In 2006, three Bozize's opposition groups formed an armed coalition, UFDR, and Sabone was appointed as the UFDR spokesman. He demanded Muslims to have more power in the government and establish an inclusive government where all factions could join. Sabone also called for a Muslim to be appointed as a Prime Minister.

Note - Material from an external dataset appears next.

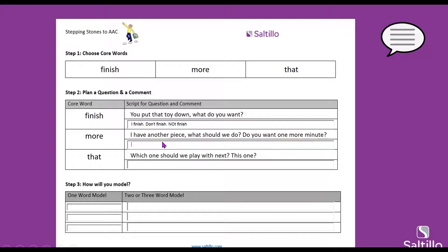What about the word 'more'? Comments could be: 'want more,' 'play more,' 'more play,' 'more drink' — that's an easy one, easier than the questions. What about 'that'? Ideas: 'that drink,' 'that piece,' 'like that,' 'that ball,' 'that funny,' 'that's cute,' 'want that,' or 'like that.' I always teach stop, no, and don't — it's a good thing to learn, even if parents aren't always thrilled.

On 25 November 2006, along with Michel Djotodia, Sabone was arrested in Cotonou. They were released in February 2008. Afterward, Sabone became Bozize's advisor on disarmament,
demobilization, and reintegration (DDR) on 13 January 2011. In May 2011, he resigned as the leader of MLCJ and advisor to Bozize to retire. He appointed MLCJ chief of staff, Abator Tidjani, as the head of MLCJ. However, the appointment of Tidjani was contested by Adoum Rakiss. Due to the MLCJ's internal conflict, Sabone rejoined MLCJ and became the leader of MLCJ in October 2011, replacing Abator Tidjani.

== Seleka Government ==
On 3 February 2013, Bozize appointed Sabone as a minister of tourism and craft industry. Three months later, he founded a political party, Parti de nouvelle generation (PNG). As French deployed its troops to the Central African Republic in December 2013 under Operation Sangaris, claiming on behalf of Central African Muslim and ex-Seleka, Sabonee issued an ultimatum to French either the political agreement is reached or secession of the country between the north and the south if there was not political consensus. His remark was condemned by Nicolas Tiangaye. However, he later apologized for his statement that called for the partition in February 2014 during an interview by Radio France Internationale.

== Post-Seleka ==
On 23 July 2014, he signed a cease-fire agreement on behalf of the MLCJ. However, he refused to accept Bangui Forum's proposals for peace in May 2015. Instead, he waged war against the central government. Saboune announced the creation of a group named Sursaut patriotique pour le redressement national (SPRN) on 28 January 2020.

In December 2020, CPC was founded and Saboune was appointed group spokesman. Central African government issued an arrest warrant on Saboune on 25 January 2021 for undermining the state authority and the integrity of the national territory. Saboune resigned from his position as CPC spokesman on 12 January 2022.

Saboune announced his support to Faustin-Archange Touadéra on 12 August 2022 and applied for renewal of his Central African Republic passport. However, Toudera's party, MCU, did not welcome his support. Furthermore, Saboune also received death threats from Arthur Piri and Ghislain Djorie if he returned to Bangui.

Along with Mahamat Al-Khatim, ANS arrested Sabone on 10 April 2024 for exposing the Chadian government embezzlement of Angolan fund for the Central African warlord who resided in Chad. Chadian authorities released him on the first week of March 2025.

== Personal life ==
Saboune's niece was married to Mahamat Déby. He belongs to the baggara tribe.